Using AZP2006 (Ezeprogind) to Stabilize Progranulin – A Novel Therapeutic Strategy for GBA1-linked Parkinson’s Disease

Study Rationale: Progranulin (PGRN) regulates cell growth, survival and changes. They are usually secreted or transported to the lysosome. Its deficiency and inflammation leads to a decline in the GCase enzyme and the reduced circulating levels are associated with higher risk to developing Parkinson’s disease (PD). AZP2006 is a small molecule with high affinity for lysosomes. AZP2006 is able to strongly bind the complex PGRN/PSAP (prosaposin) in lysosome and its interaction with PGRN/PSAP physically blocks PGRN inflammation and death.
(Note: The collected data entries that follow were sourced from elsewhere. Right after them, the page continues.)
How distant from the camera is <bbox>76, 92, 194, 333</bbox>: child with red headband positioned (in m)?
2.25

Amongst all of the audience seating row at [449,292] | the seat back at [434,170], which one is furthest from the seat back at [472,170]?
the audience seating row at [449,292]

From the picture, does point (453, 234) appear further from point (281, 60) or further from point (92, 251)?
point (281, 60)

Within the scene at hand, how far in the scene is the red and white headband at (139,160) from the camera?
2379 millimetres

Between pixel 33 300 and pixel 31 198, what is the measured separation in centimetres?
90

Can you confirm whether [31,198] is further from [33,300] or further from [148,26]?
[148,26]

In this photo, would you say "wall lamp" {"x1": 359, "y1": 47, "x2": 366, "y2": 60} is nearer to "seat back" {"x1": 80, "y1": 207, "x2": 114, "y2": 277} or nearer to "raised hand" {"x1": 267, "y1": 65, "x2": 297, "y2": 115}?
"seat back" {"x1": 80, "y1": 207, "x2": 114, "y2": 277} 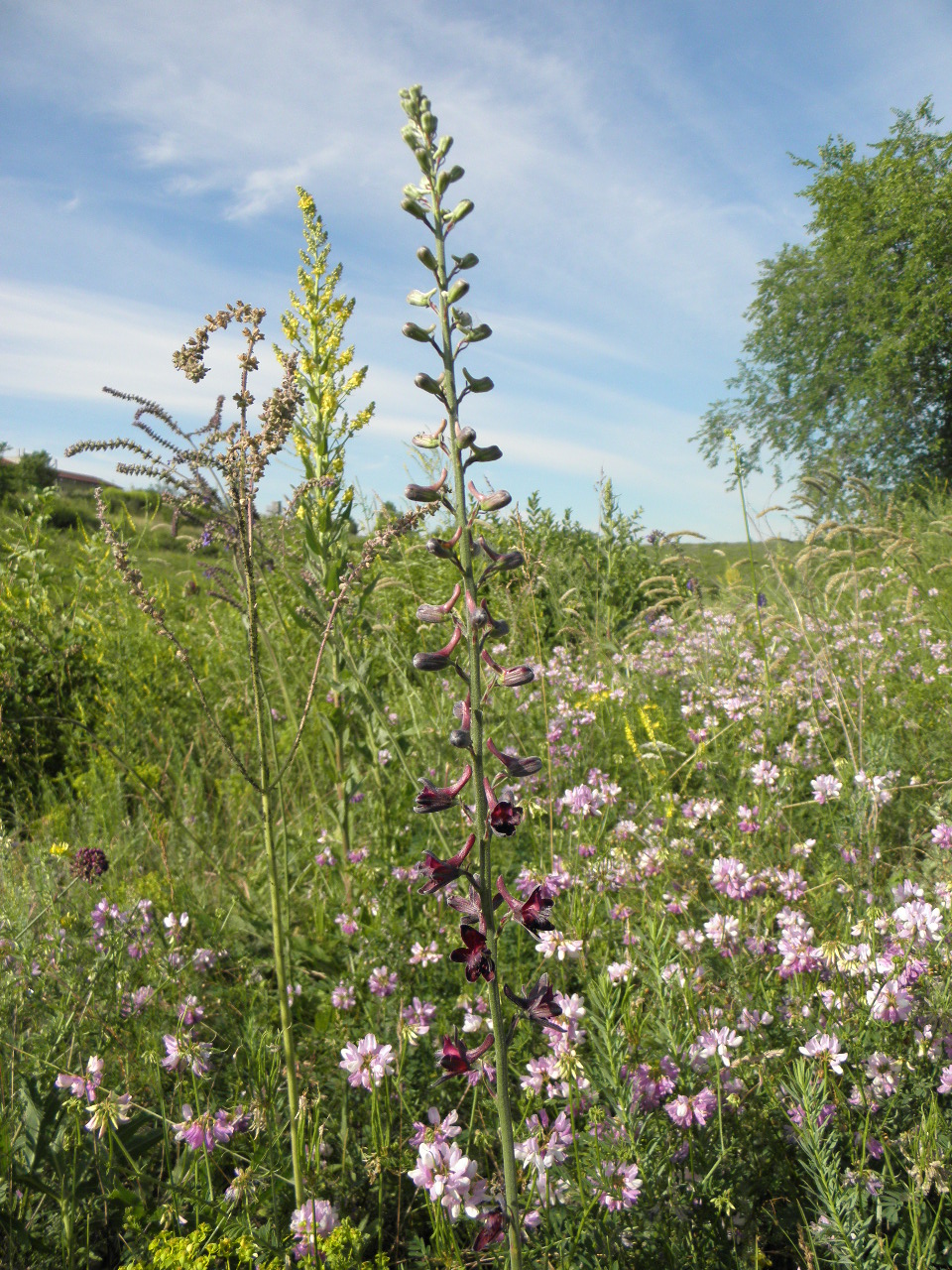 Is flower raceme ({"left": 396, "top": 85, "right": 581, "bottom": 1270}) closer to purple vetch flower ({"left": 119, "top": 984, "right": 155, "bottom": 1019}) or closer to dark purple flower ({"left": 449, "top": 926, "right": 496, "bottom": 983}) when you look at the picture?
dark purple flower ({"left": 449, "top": 926, "right": 496, "bottom": 983})

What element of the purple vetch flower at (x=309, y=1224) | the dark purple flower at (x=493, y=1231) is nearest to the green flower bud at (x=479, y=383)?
the dark purple flower at (x=493, y=1231)

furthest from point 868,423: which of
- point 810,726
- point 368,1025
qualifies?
point 368,1025

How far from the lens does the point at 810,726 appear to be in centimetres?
377

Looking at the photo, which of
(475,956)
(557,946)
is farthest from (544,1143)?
(475,956)

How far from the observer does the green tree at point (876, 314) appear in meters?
29.3

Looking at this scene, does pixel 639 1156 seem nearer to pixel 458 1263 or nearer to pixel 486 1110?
pixel 458 1263

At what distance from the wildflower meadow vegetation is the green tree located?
29252 millimetres

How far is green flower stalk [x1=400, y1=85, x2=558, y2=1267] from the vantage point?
45.8 inches

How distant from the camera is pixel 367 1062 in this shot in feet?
6.42

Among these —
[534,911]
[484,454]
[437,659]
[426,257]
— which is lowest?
[534,911]

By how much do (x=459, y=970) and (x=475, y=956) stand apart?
152 centimetres

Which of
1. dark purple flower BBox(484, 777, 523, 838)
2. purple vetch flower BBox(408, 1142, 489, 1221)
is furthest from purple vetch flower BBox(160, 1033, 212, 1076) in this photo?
dark purple flower BBox(484, 777, 523, 838)

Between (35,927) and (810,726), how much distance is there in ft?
11.3

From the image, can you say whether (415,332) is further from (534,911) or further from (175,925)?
(175,925) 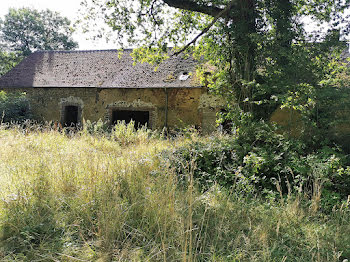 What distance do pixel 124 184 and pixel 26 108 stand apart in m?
14.2

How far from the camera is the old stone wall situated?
1201cm

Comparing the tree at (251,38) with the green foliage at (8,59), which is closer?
the tree at (251,38)

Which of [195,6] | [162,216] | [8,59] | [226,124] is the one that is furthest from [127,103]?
[8,59]

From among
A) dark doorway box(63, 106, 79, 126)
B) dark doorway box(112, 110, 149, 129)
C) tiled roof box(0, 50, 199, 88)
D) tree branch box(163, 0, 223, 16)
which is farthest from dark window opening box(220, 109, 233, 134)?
dark doorway box(63, 106, 79, 126)

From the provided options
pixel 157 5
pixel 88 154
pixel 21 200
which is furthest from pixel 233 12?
pixel 21 200

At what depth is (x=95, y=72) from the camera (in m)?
15.1

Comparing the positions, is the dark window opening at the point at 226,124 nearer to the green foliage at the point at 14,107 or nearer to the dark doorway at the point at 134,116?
the dark doorway at the point at 134,116

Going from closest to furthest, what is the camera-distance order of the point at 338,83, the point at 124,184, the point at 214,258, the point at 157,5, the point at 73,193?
the point at 214,258 → the point at 73,193 → the point at 124,184 → the point at 338,83 → the point at 157,5

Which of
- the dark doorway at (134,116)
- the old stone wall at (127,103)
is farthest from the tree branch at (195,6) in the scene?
the dark doorway at (134,116)

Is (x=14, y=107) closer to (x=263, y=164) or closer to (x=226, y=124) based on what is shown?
(x=226, y=124)

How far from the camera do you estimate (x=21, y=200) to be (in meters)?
3.04

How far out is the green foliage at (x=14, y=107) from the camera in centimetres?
1390

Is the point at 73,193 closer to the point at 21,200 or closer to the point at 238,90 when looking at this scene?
the point at 21,200

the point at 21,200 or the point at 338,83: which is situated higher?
the point at 338,83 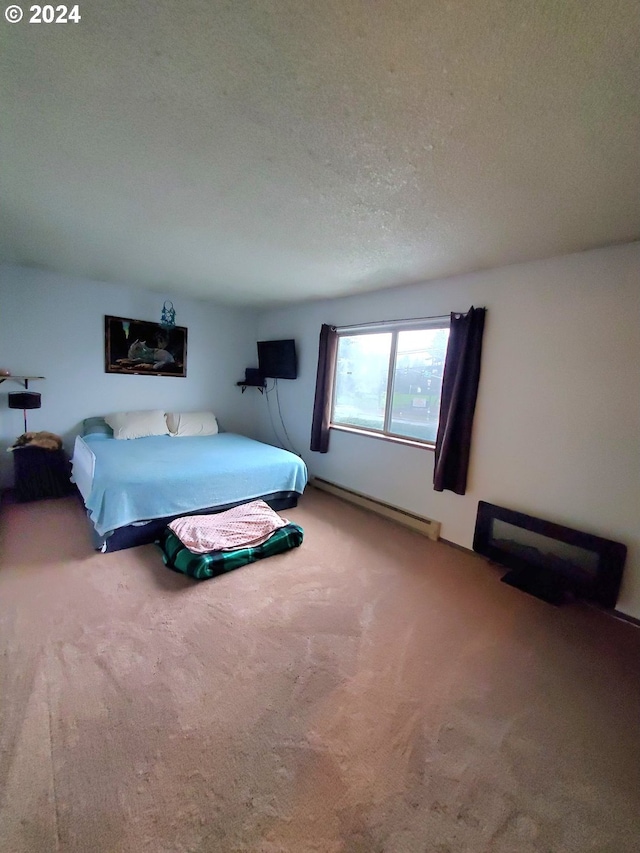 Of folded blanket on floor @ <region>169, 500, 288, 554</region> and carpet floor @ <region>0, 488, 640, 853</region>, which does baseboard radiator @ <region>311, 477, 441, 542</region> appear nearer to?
carpet floor @ <region>0, 488, 640, 853</region>

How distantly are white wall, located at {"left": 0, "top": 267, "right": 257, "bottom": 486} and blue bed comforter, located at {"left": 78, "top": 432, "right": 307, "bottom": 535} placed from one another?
659 mm

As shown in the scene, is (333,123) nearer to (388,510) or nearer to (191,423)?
(388,510)

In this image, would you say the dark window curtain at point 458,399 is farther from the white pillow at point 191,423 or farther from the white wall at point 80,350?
the white wall at point 80,350

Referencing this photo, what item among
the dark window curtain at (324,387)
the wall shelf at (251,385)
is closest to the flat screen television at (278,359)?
the wall shelf at (251,385)

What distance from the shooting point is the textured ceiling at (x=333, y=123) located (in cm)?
90

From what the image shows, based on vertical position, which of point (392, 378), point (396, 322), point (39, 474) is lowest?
point (39, 474)

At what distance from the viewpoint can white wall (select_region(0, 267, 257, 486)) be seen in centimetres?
344

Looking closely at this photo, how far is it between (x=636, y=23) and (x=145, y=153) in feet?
5.55

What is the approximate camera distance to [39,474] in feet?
11.0

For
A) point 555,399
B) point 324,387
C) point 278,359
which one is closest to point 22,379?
point 278,359

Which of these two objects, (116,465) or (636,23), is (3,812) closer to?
(116,465)

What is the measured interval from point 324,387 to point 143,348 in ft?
7.51

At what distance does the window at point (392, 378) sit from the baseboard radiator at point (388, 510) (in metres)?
0.71

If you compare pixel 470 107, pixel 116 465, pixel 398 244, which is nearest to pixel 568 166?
pixel 470 107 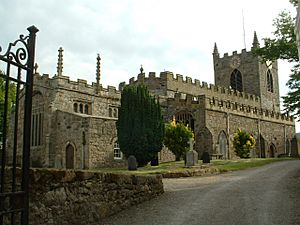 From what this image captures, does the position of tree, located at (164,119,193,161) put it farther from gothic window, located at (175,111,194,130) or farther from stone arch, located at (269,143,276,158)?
stone arch, located at (269,143,276,158)

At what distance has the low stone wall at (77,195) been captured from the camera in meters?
6.10

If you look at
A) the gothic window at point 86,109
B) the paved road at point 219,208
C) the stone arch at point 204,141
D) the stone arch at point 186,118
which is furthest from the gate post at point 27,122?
the stone arch at point 186,118

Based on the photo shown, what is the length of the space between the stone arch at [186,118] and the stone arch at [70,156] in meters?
11.5

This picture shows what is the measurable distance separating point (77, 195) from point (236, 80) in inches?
2015

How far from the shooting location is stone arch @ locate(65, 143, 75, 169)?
27.4 meters

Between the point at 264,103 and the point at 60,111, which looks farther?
the point at 264,103

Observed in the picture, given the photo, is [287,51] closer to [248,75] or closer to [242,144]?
[242,144]

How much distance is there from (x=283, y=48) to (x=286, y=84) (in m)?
2.27

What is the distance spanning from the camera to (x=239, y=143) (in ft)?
112

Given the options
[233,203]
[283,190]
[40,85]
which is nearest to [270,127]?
[40,85]

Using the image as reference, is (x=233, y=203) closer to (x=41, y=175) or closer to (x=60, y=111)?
(x=41, y=175)

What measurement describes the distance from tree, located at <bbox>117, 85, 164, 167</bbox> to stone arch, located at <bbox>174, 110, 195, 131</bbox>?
8.91 metres

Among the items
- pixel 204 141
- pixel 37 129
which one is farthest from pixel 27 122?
pixel 204 141

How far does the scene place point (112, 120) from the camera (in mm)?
→ 28219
Hypothesis: AZP2006 has been proved to stabilize PGRN in the lysosomes and to increase the central level of PGRN. We hypothesize that elevating of PGRN levels could have a beneficial effect in PD/GBA1 patients, thus that AZP2006 could protect dopaminergic neurons from α-syn accumulation and death via PGRN.

Study Design: The target engagement and the involvement of PGRN in the rescue of GBA1 phenotype with AZP2006 will be studied with SH-SY5Y cell line carrying the GBA1L444P mutation. Additionally, a PGRN KO/GBA/GBAL444P double mutant, will be generated to confirm the role of PGRN in the protective effect of AZP2006. As in-vivo POC, AZP2006 will be studied in aged small models injured by a bilateral infusion of α-syn protofibrils in the SNpc and treated with CBE in order to induce a chronic loss of function of GBA, which will enforce the lysosomal phenotype.

Impact on Diagnosis/Treatment of Parkinson’s disease: AZP2006 in Phase 2a (PSP patients) has proved to increase PGRN brain in many models of neurodegenerative diseases. Our preliminary results support the rational of AZP2006/PGRN for a PD/GBA1 development. In addition, AZP2006 has shown an excellent safety profile, the PK is well known, then we plan to go fast in PD/GBA1 patients at the end of these preclinical step (a POC clinical study is planned for end of 2022, at the end of our Phase 2a in PSP patients, results expected for mid-2022).

Next Steps for Development: AZP2006 has successfully passed GLP toxicology studies and has been tested in humans (Phases 1 and 2). This project will allow us to further document the positive effects of AZP2006 in cellular and small models of PD with GBA1 mutation. Our objective is to initiate a first Phase 2 on PD patients carrying a GBA1 mutation.